United States v. Speaks
Decision Date | 17 November 1986 |
Docket Number | No. CR-86-273 to CR-86-277-1 and CR-86-279-1.,CR-86-273 to CR-86-277-1 and CR-86-279-1. |
Citation | 649 F. Supp. 1065 |
Parties | UNITED STATES of America, Plaintiff, v. Jerry K. SPEAKS, Eugene H. Thomason: Ronald T. Harstad; Kathleen R. Hudson; Cathryn M. Olsowski; Lenore A. Lee, Defendants. |
Court | U.S. District Court — District of Washington |
James B. Crum, Asst. U.S. Atty., Spokane, Wash., for plaintiff.
Peter Offenbecher, Daniel J. Keane, Carl Diana, Richard B. Kayne, Philip Wetzel, Gene E. Hamilton, Spokane, Wash., for defendants.

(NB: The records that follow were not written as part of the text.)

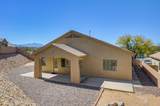 1053 Seldon Place - Photo 42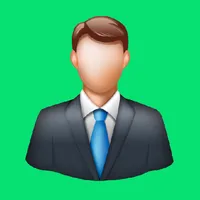 EMP APP (Employee Attendance) icon
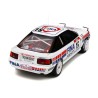Toyota Celica GT-4 (ST165) Nr.15 Rallye Tour de Corse 1991 model 1:18 OttO mobile OT727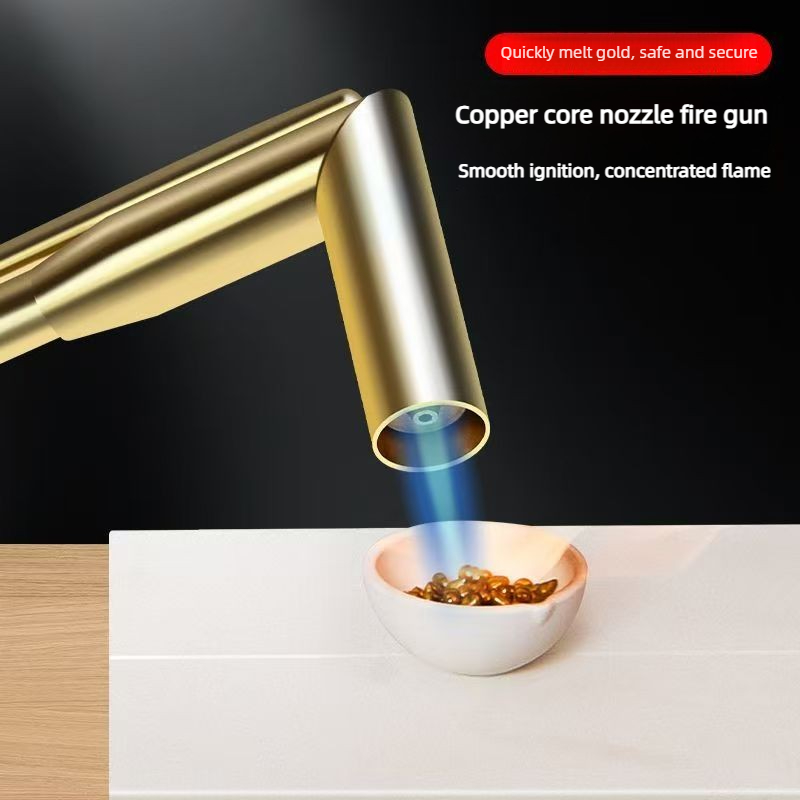 보석 용접 토치, 금, 은, 구리 납땜 DIY 보석 제 - Jewelry Making Torch 리뷰 및 가격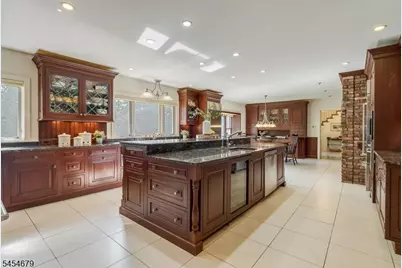 123 Lake Rd, Far Hills, NJ 07931 - Photo 7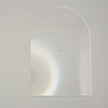 Arch Acrylic Stencils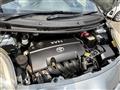 2007 Toyota Vitz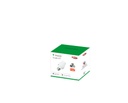 photo_packaging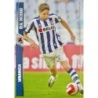 Buy Cards Uranga Real Sociedad Mundicromo Fichas Liga 2008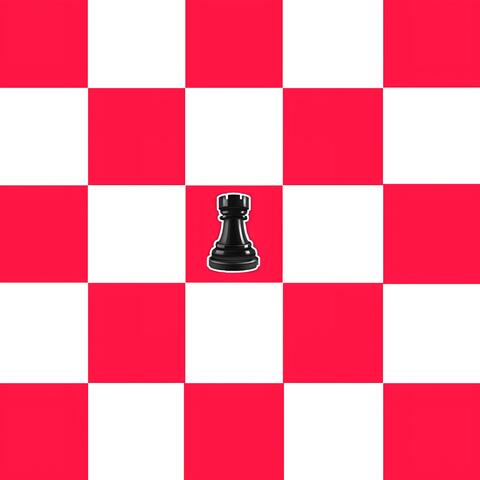 Chess Game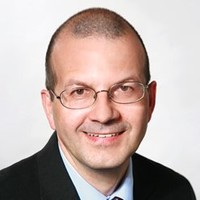 Klaus Peters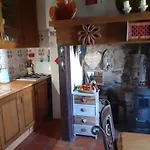 Gasthof Casa Do Trapo Sardoal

ORDER GRANTING MOTION TO SUPPRESS EVIDENCE
On October 30, 1986, the court held a hearing on defendants' motion to suppress evidence. Plaintiff was represented by Assistant United States Attorney James B. Crum. Defendant Jerry K. Speaks appeared personally and through his attorney Peter Offenbecher. Defendant Eugene H. Thomason was present and represented by Daniel J. Keane. Carl Diana appeared on behalf of defendant Ronald T. Harstad. Defendant Kathleen R. Hudson appeared in person and was represented by Richard B. Kayne. Philip Wetzel appeared on behalf of defendant Cathryn M. Olsowski, and defendant Lenore A. Lee was represented by Gene E. Hamilton.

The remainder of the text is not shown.